Methuseli Moyo said devolution of power and decision making must happen quickly and meaningfully to bring governance near the people.
“Harare is not Zimbabwe,” he said.
“Secondly, rights have to be entrenched, and the economy fixed for people to enjoy the fruits of their labour.”
He however said the fact that Bulawayo would not host this year’s national celebrations, was a missed opportunity for all.
Moyo added: “It is a missed opportunity for all, not only Byo. It has denied or delayed all of us from witnessing something ground breaking, whereby another part of the country which is not Harare hosts Uhuru Day.”
Khanyile Mlotshwa said it was important for the political leadership to facilitate a situation where citizens can fully embrace the freedom that came on 18 April.
“Freedom is an empty signifier which we have to fill with content and meaning through what we do,” he argued.
“The ruling elite must let us be proudly Zimbabwean in our diversity.”
For Sipho Nyoni, Zimbabwe needs a paradigm shift before citizens can fully appreciate their independence.

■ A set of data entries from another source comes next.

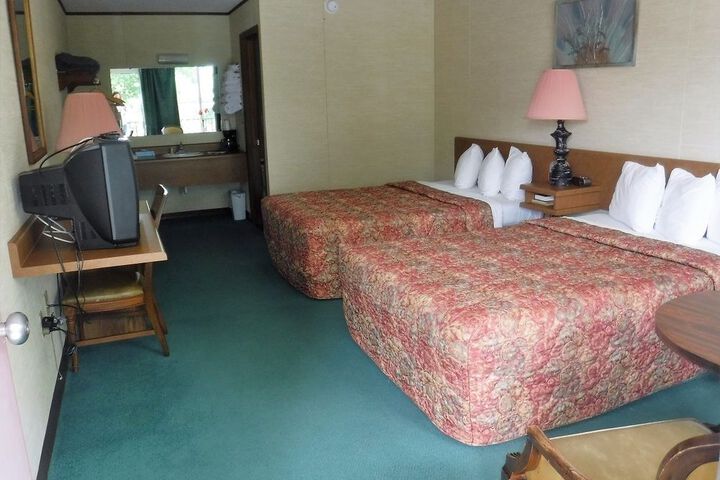 Room 8 of 63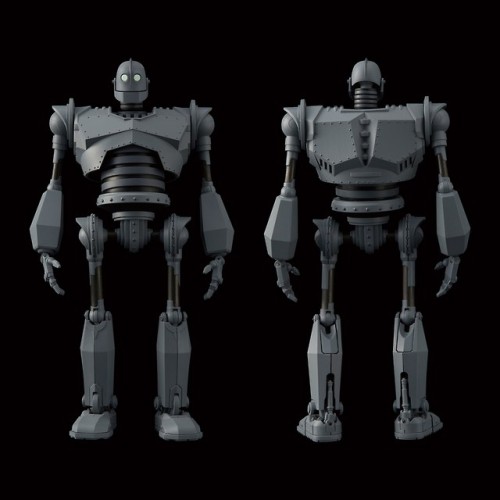 “See anything unusual, Hogarth?“Riobot The Iron Giant 1/80 Scale Pre-Painted Figure: The Iron GiantP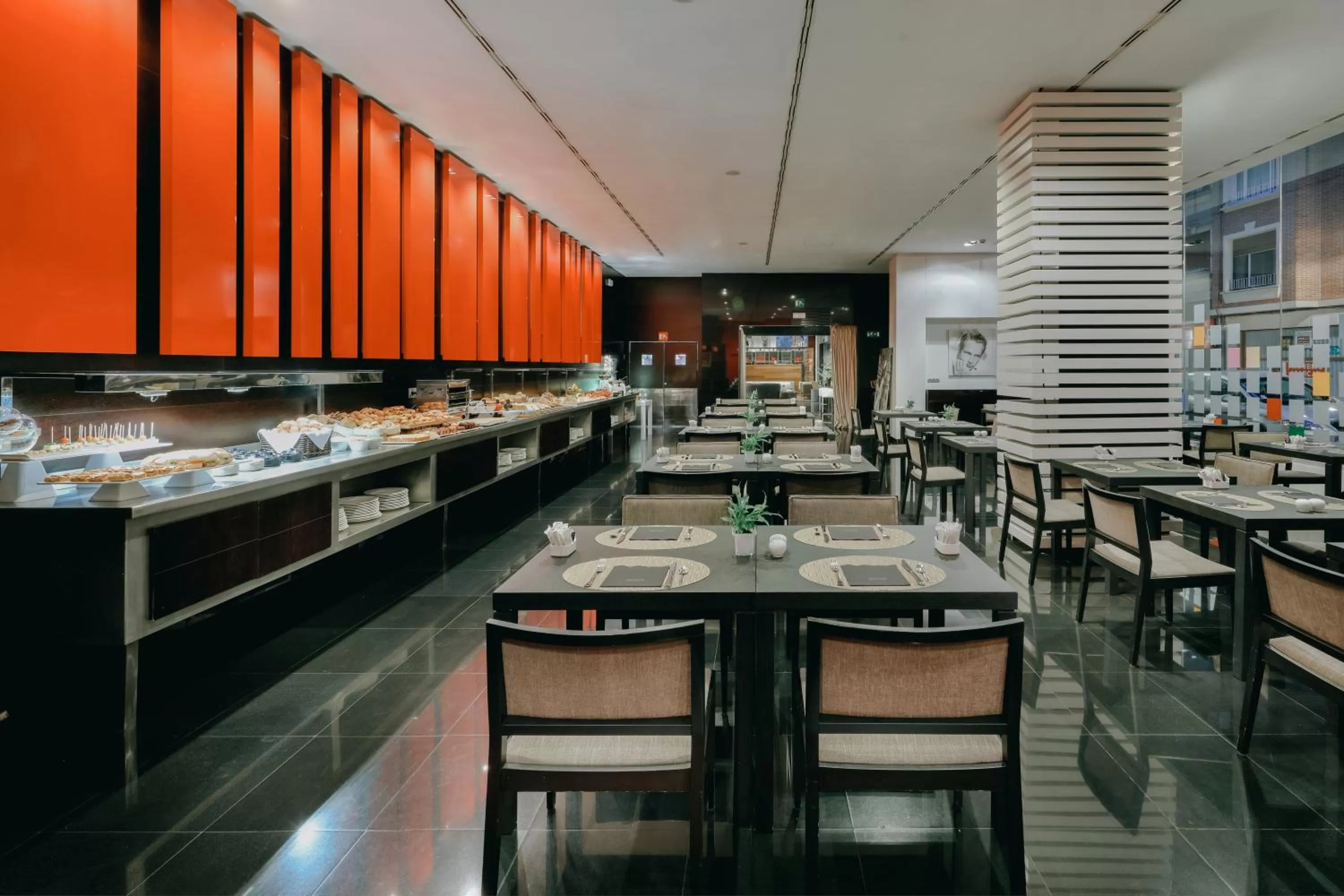 Restaurant/places to eat in Hesperia Bilbao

“We need to go back to the early 80s where indeed Zimbabwean education was not only the envy of the world but affordable and subsidised,” he suggested.
“As we speak unemployment hovers around the 90 percent mark. There are no jobs. So creation of jobs as well as resuscitation of industry is more than a priority.”
He added: “Politically, space has to be opened up. We are still zoning in on that era after independence where dissenting voices were suppressed.”